* _Problem description_
Copy out exactly the lines below that run from the one holding "Дело Шеремета: суд" to the one holding "Pendiente nevada en", keeping both of those lines and no others.

* _Given records_
Segment Open

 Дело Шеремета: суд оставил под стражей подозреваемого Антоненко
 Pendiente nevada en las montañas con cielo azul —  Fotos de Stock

Segment Closed
Segment Open

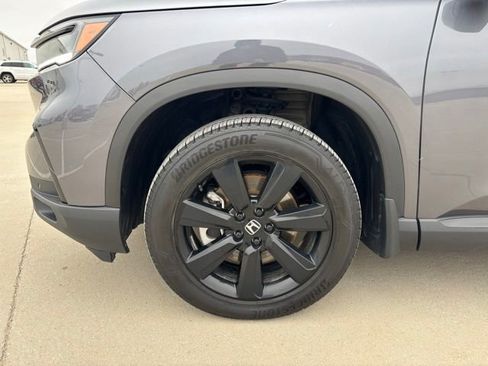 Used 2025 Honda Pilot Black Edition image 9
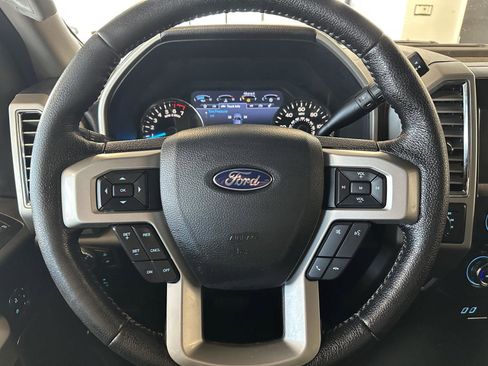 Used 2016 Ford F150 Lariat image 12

Segment Closed

* _Solution to this exercise_
 Дело Шеремета: суд оставил под стражей подозреваемого Антоненко
 Pendiente nevada en las montañas con cielo azul —  Fotos de Stock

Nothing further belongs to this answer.